## [About this task]
Please repeat, exactly as written, the line containing "KIMLUD, 68CM Wig" and every line after it through the end of the records below, leaving out any pictures.

## [Provided information]
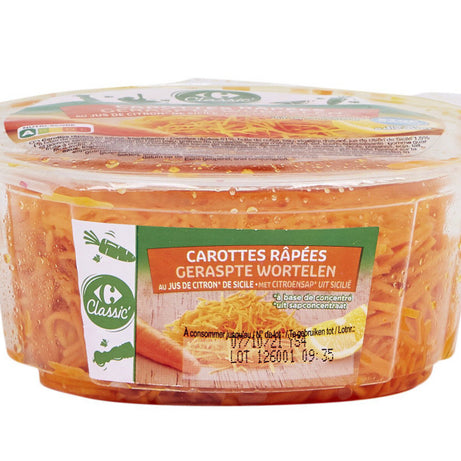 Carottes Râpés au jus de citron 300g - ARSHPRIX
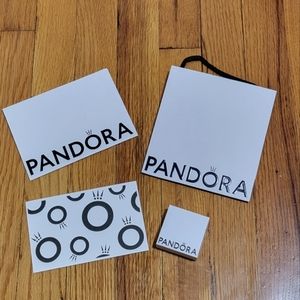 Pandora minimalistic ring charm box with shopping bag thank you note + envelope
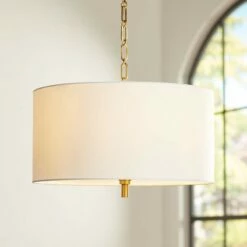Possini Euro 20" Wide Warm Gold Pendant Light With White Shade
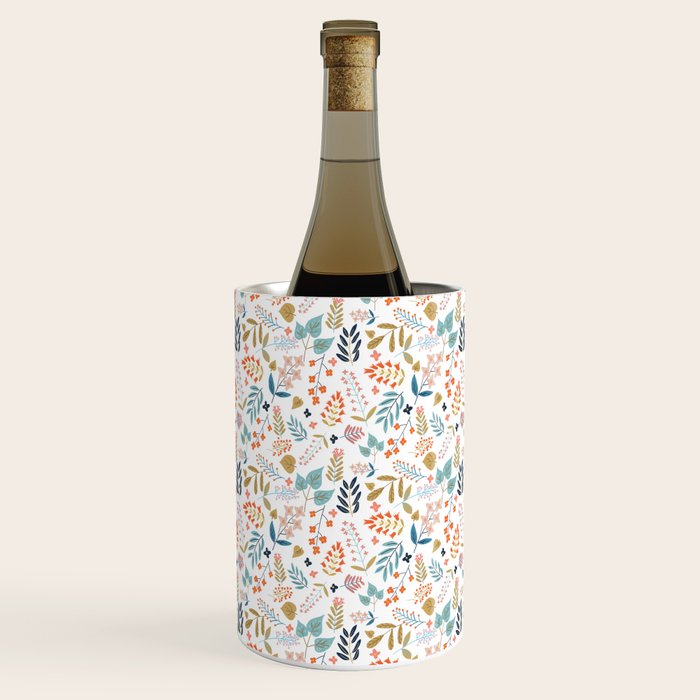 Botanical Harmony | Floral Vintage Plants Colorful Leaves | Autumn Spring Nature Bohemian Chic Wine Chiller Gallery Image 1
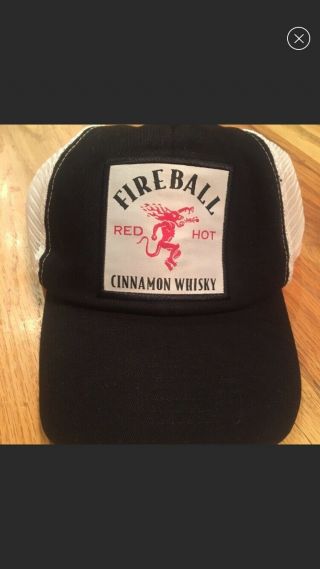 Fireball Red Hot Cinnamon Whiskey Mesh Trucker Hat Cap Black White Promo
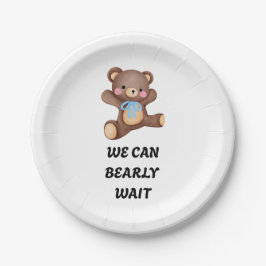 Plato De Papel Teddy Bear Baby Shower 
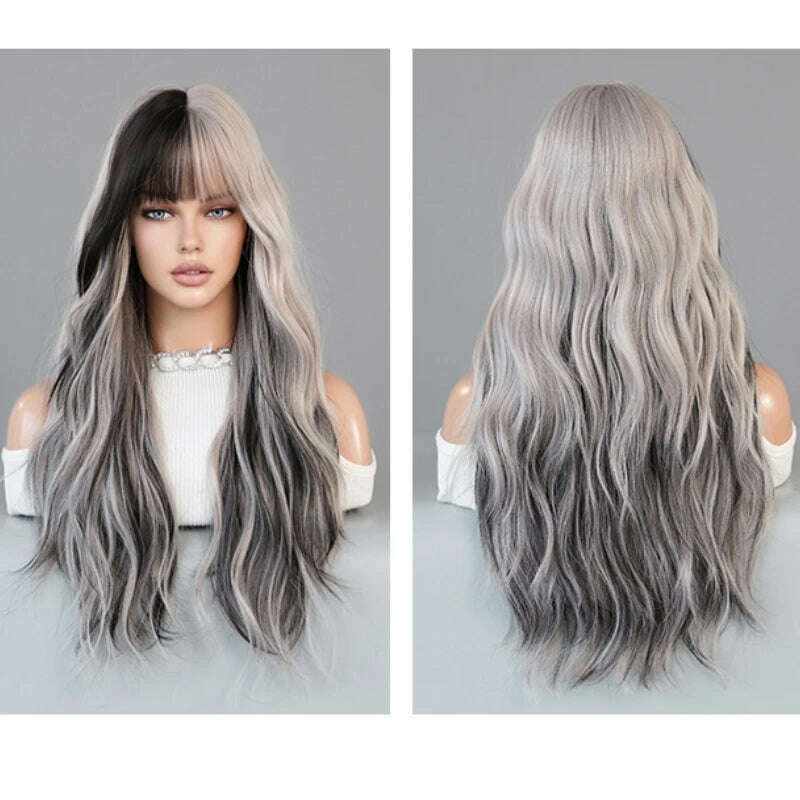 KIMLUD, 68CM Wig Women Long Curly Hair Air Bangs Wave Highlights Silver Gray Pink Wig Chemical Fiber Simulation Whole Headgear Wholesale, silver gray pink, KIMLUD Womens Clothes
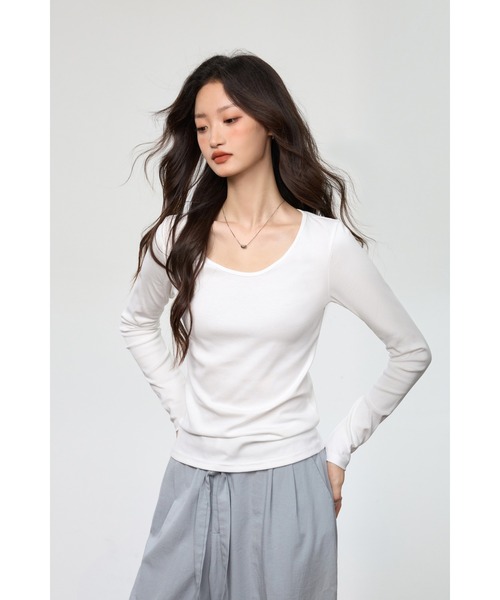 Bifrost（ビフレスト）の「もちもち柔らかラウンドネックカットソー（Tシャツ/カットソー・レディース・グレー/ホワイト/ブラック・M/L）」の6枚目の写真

## [Solved exercise]
 KIMLUD, 68CM Wig Women Long Curly Hair Air Bangs Wave Highlights Silver Gray Pink Wig Chemical Fiber Simulation Whole Headgear Wholesale, silver gray pink, KIMLUD Womens Clothes
 Bifrost（ビフレスト）の「もちもち柔らかラウンドネックカットソー（Tシャツ/カットソー・レディース・グレー/ホワイト/ブラック・M/L）」の6枚目の写真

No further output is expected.